Even further, on a personal level, it returns meaning to our lives. We are no longer as obsessed with our self-construct, as we realize how impermanent it is, but we focus on the one part of our lives over which we do have control: our experience. We wish to experience things of a meaningful nature, and by virtue of nihilism’s rejection of anthrocentric ideals, we are able to see how hedonism and morality alike lead to a grey, deadened state of no meaning. What matters is accomplishment, bonds between people and nature, learning and joy – usually in creation, or achievement, or in the “normal life” matters such as family, children, friends and community, which although seen as “mundane” by some theorists in actual experience offer some of the greatest comfort and pleasure that can be derived.

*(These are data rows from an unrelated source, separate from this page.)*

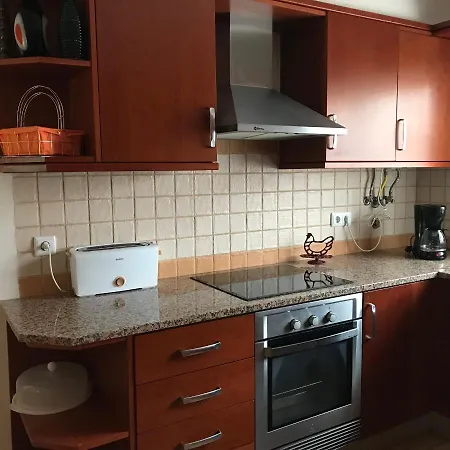 Hébergement de vacances Estrela 5 Paderne (Faro)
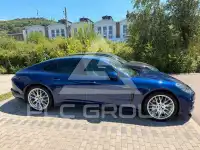 2021 Porsche Panamera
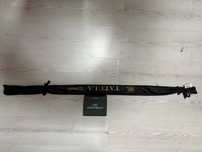 Wedka Daiwa Tatula oraz  Multiplikator Curado 201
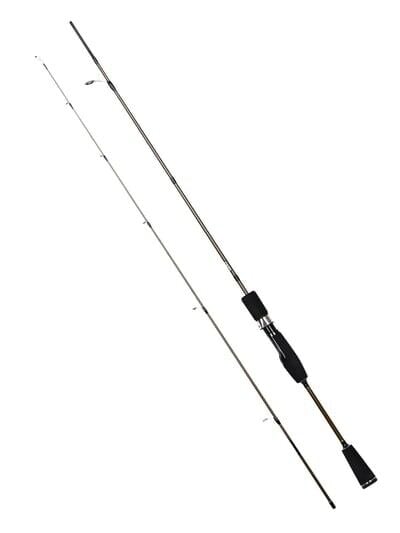Fujin Sniper Trout 160cm 1-6gr Trout Kamışı Brown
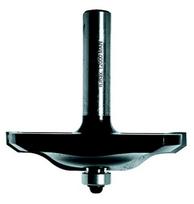 Lovelių freza LEMAN F3712-700-03; 76 mm; 12 mm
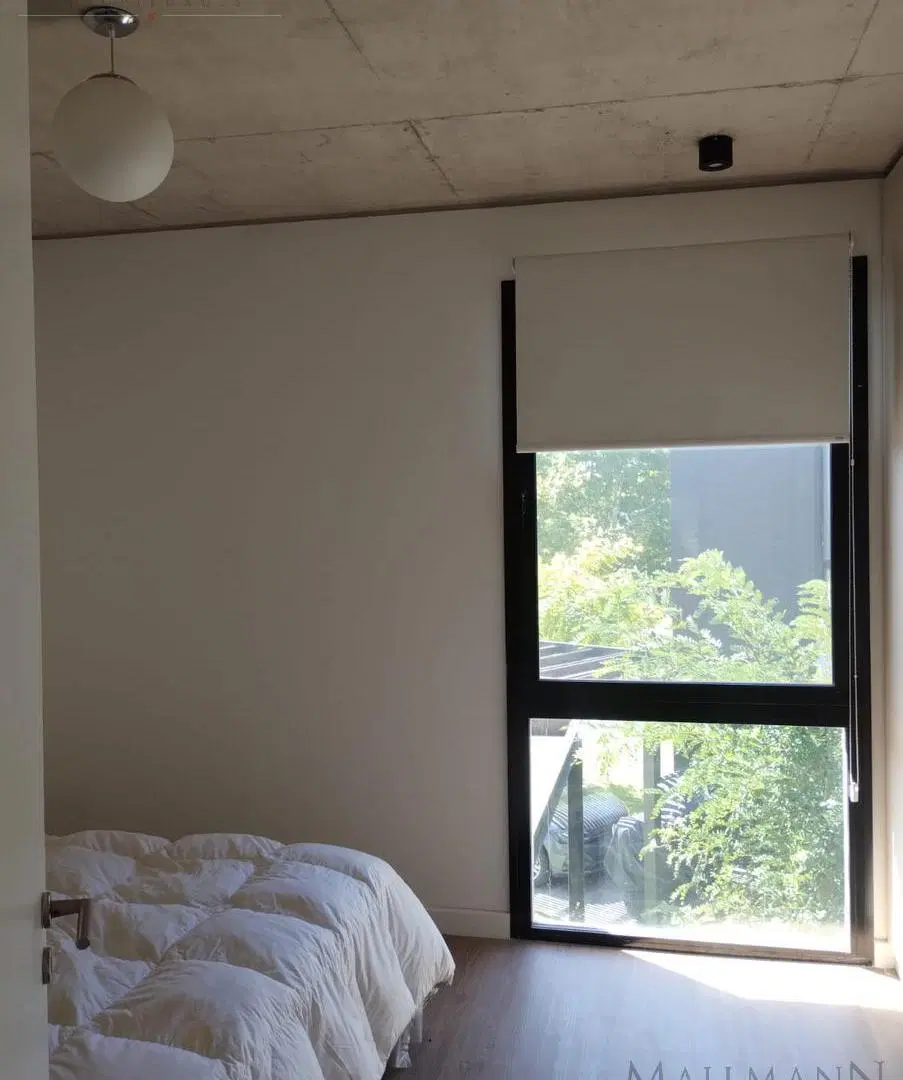Alquiler.Departamento.2 ambientes amoblado.Estancias Golf 5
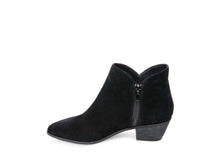 Load image into Gallery viewer, BLACK SUEDE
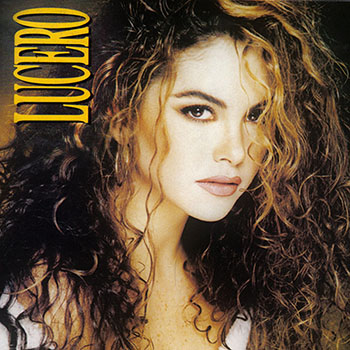 Foto de Lucero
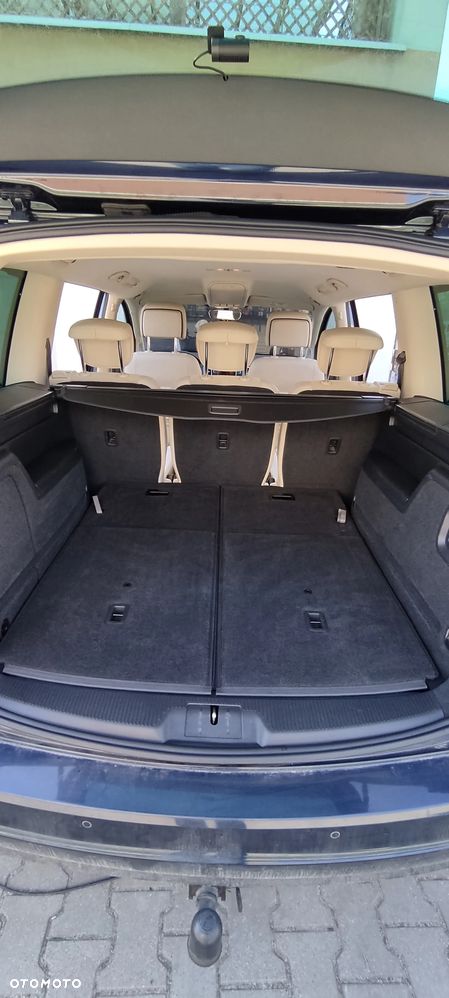 Volkswagen Sharan 2.0 TDI BMT Highline - 26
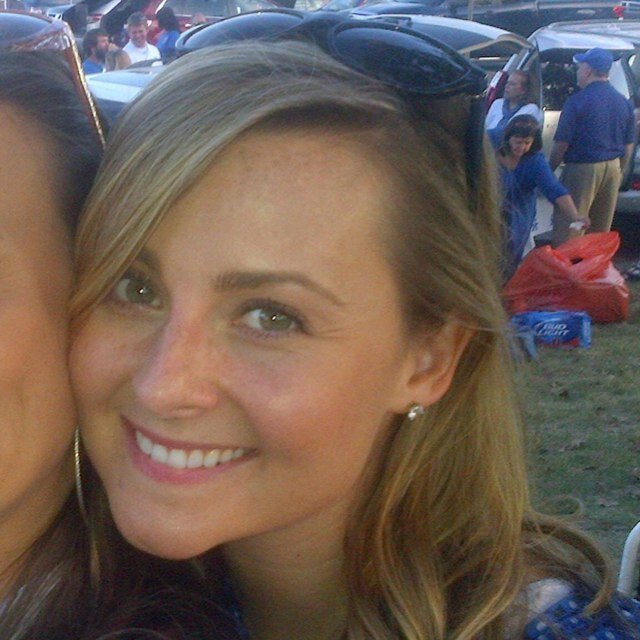 lauren_stiff's profile picture. Media Planner/Buyer. Be so good they can't ignore you.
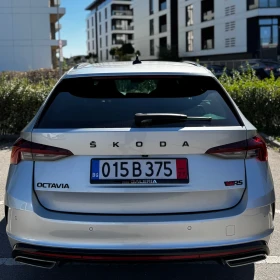 Skoda Octavia VRS* 2.0TDI | Auto.bg — изображение 9 Skoda Octavia VRS* 2.0TDI | Auto.bg — изображение 9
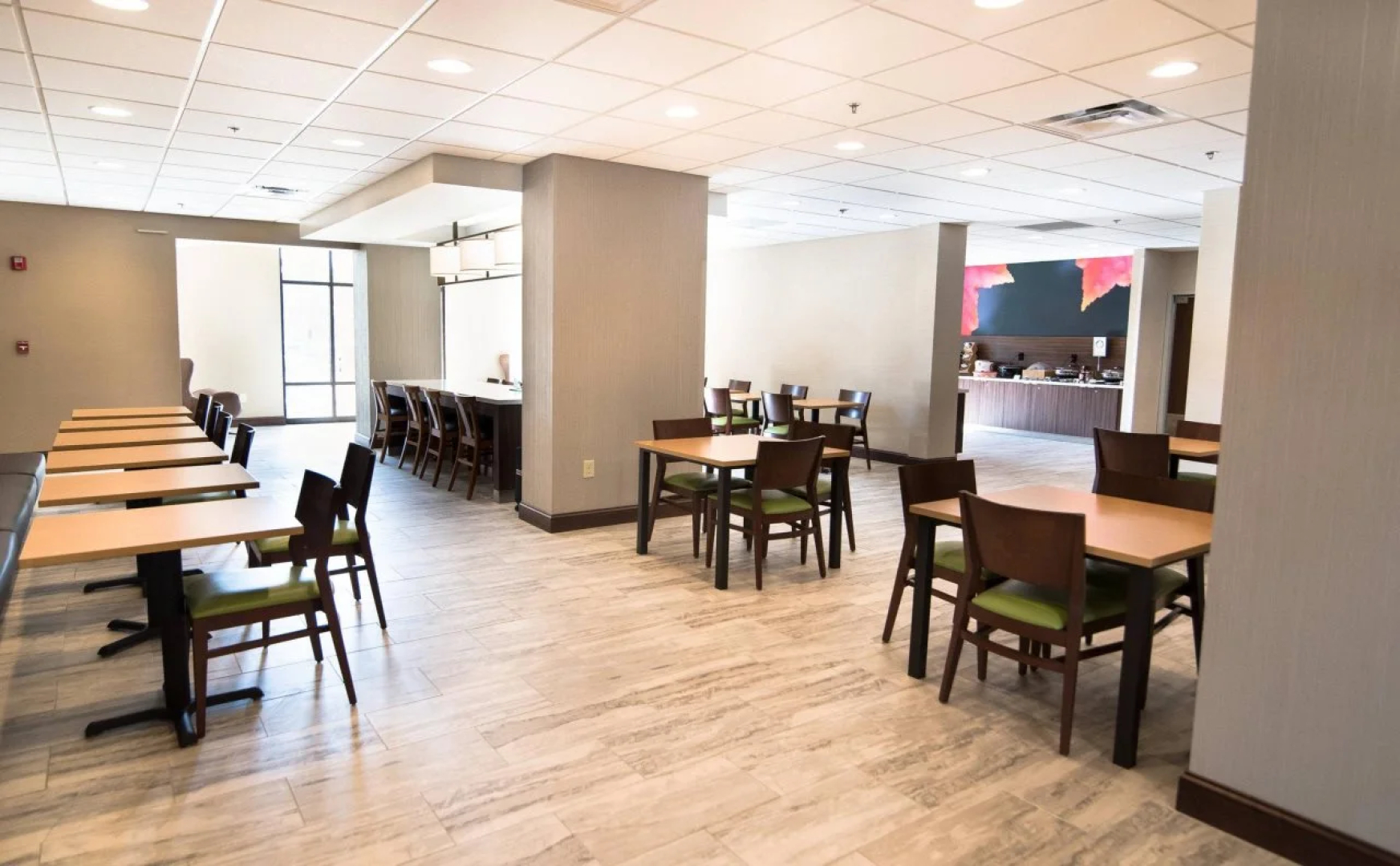 Fairfield Inn & Suites Atlanta Airport North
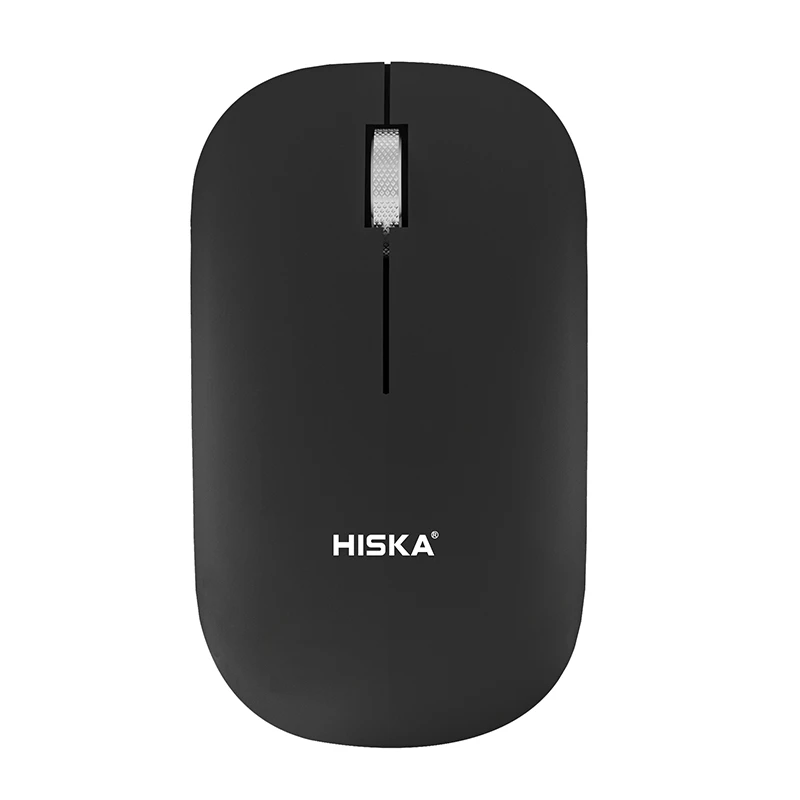 موس وایرلس مدل Hiska HK-M0120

Nihilism has its dark side: when one leaves the comfortable world of human-centered illusion, and rejects its values, there is a void created which threatens our very fabric as people until we get to the other side of it. To realize, for the first time, that even if we are murdered in cold blood, or the human species wipes itself out, life will go on in the sense of the larger cosmos conducting its processes, even life on other planets occurring, we are profoundly alone in the way that a birth from the womb must be. However, we are also afforded a comfort; anything we achieve in this world is ours alone, and although it is all of a transient nature, the experience (not the physical thing) is ultimately what we own.
For this reason, nihilism somewhat fits the textbook definition – nothing “means” anything, except what means something to the individual. This isn’t some form of individualistic palaver – individualism seeks to create an abstract value to the individual that prevents the world of larger issues, including predation, to intrude, and thus is not the device of the thinking individual but of the unthinking crowd, and from it the greatest errors of history – populist Christianity, utilitarian government, free enterprise (“greed-based”) industry, and egalitarian theory – arise. Nihilism is a rejection of individualism as an objective concept, and an affirmation of both (1) the objective world of events and objects, e.g. something which is consistent and ongoing regardless of human perception, and (2) the subjective world of meaning, which is where we can assign value to events and objects, realizing that this value is centered in the individual and dies with it.
When we are raised in a populist, utilitarian time, this is difficult to accept, as the very assumptions upon which our society and sense of self-worth are built are suddenly yanked away, leaving a yawning nothingness. Perhaps maybe it is best to think of nihilism as the realization that, on a cold night, the only inherent warmth comes from within, and if we build a fire, it warms only ourselves – but that is enough, in itself, to enjoy the experience of stars above and life below. In this sense, unlike most philosophies, nihilism is not a prescription, but a tool for finding self-discipline and rationality in a delusional time.